# EXERCISE PROMPT
Restate word for word the section of the entries that opens at the line containing "Letoff Women's Watch" and closes at the line containing "Vista de Calatayud", both lines kept, pictures dropped.

# INPUT DATA

+-------+

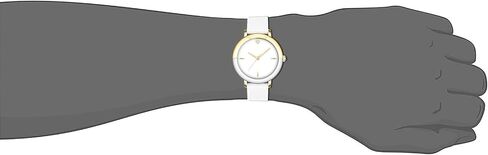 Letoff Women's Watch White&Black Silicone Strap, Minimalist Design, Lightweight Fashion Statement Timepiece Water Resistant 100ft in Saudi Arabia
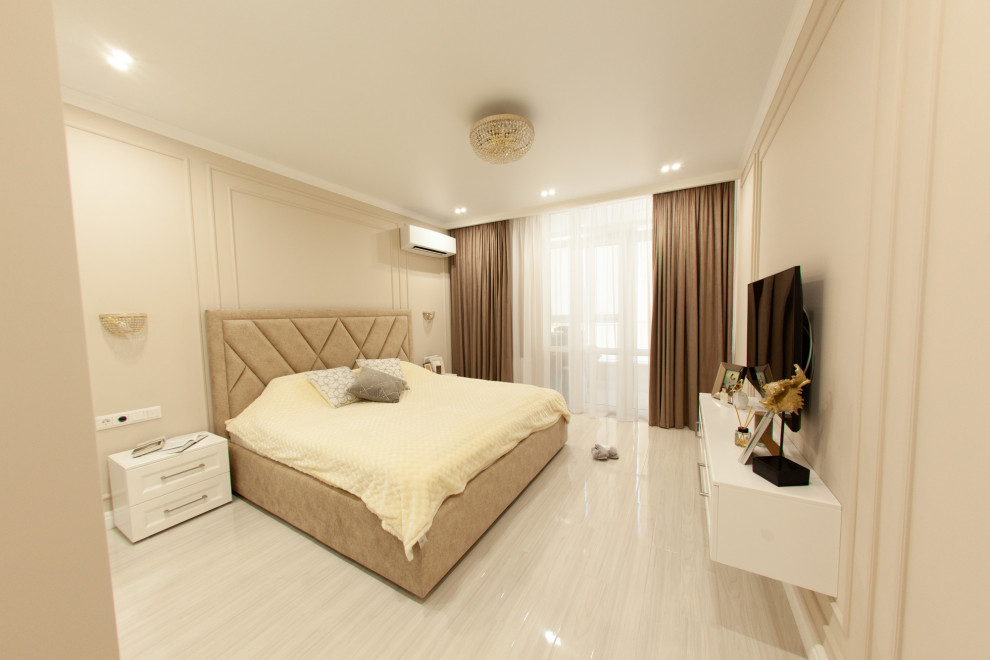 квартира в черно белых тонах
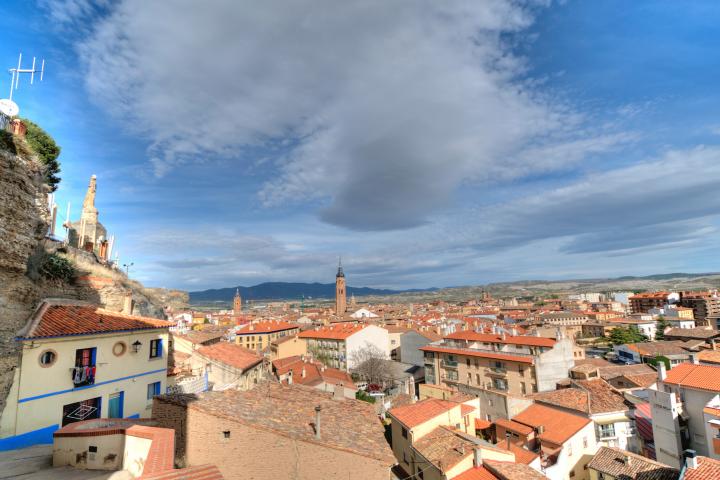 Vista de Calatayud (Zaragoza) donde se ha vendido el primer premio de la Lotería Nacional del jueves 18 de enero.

+-------+

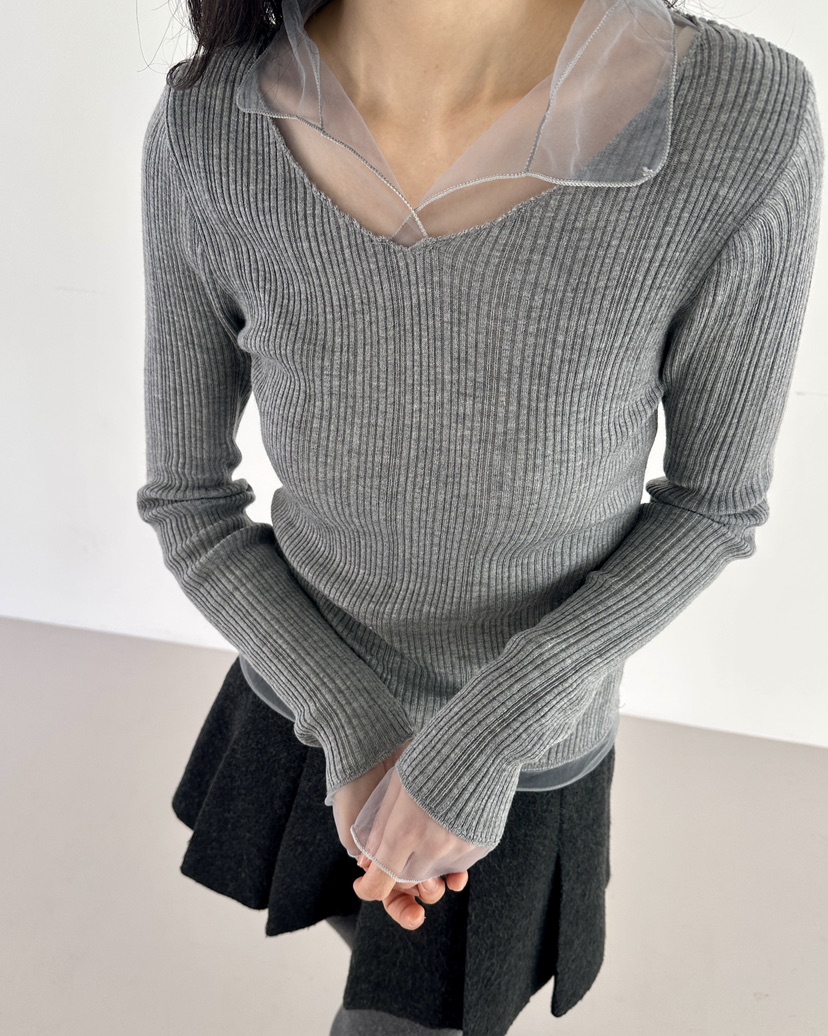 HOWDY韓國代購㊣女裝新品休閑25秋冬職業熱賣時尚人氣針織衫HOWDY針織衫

+-------+

# THE ANSWER
 Letoff Women's Watch White&Black Silicone Strap, Minimalist Design, Lightweight Fashion Statement Timepiece Water Resistant 100ft in Saudi Arabia
 квартира в черно белых тонах
 Vista de Calatayud (Zaragoza) donde se ha vendido el primer premio de la Lotería Nacional del jueves 18 de enero.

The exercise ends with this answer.